The CfP also publishes reports, such as "Virginia Votes", a compendium of election results for the state of Virginia. In 2004, it published a report on civic education, "Politics: The Missing Link of Responsible Civic Education," which sought to explain the reason for a decline of civic engagement among young people and also provide solutions to the problem.

== Other programs ==

=== National Campaign for Political and Civic Engagement ===
The CfP is one of 20 colleges and universities participating in the National Campaign for Political and Civic Engagement. The Campaign began in 2003 as an initiative of the Harvard Institute of Politics. It focuses on three priorities:

- A Relationship with Electoral Politics
- A Focus on Career Development
- A Foundation in Civic Education

As part of the Campaign, the CfP organizes an annual Voter Registration Coalition to register students to vote. The CfP also grants Awards for Civic Excellence, stipends available to undergraduates at the University of Virginia to support internships in the field of politics. The CfP also offers internships to University of Virginia students and select undergraduate students from other institutions, as part of the focus on career development.

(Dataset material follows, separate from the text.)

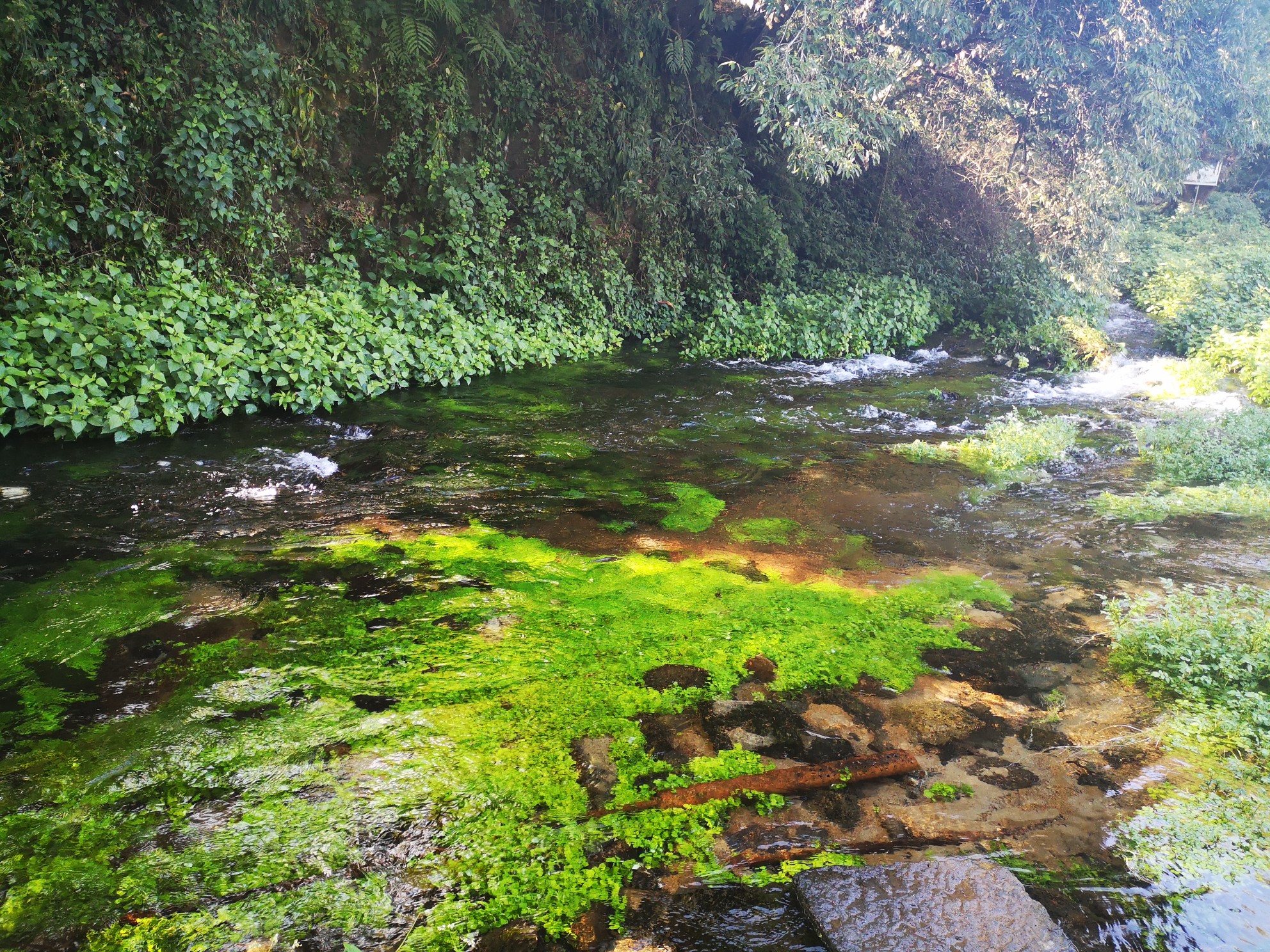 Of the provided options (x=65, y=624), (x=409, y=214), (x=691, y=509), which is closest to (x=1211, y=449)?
(x=691, y=509)

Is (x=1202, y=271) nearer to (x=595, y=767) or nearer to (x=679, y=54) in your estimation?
(x=679, y=54)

=== Global Perspectives on Democracy ===
Launched in March 2009, Global Perspectives on Democracy seeks to help educate and empower young leaders and representatives of marginalized minority groups in established and emerging democracies to identify and implement effective tools and strategies for civic action and advocacy through peaceful and productive means. The first initiative undertaken as part of Global Perspectives on Democracy was a two-way exchange program, with Sri Lankan citizens visiting the United States to learn about American democracy and two CfP staff members going to Sri Lanka to teach civics lessons and learn about the challenges in Sri Lanka.

=== National Symposium Series ===
Begun in 1999, this series of discussions explores "topical issues in American politics." The series brought then-presidential candidate Hillary Clinton to the University of Virginia, and has hosted several discussions on "taboo subjects" like the roles played by race, religion and gender in political campaigns. Other participants in the series include former presidential candidate Michael Dukakis, former New Hampshire Governor and White House Chief of Staff John H. Sununu, Democratic Party strategist Donna Brazile, former Connecticut Governor Lowell Weicker, and journalist Bob Woodward.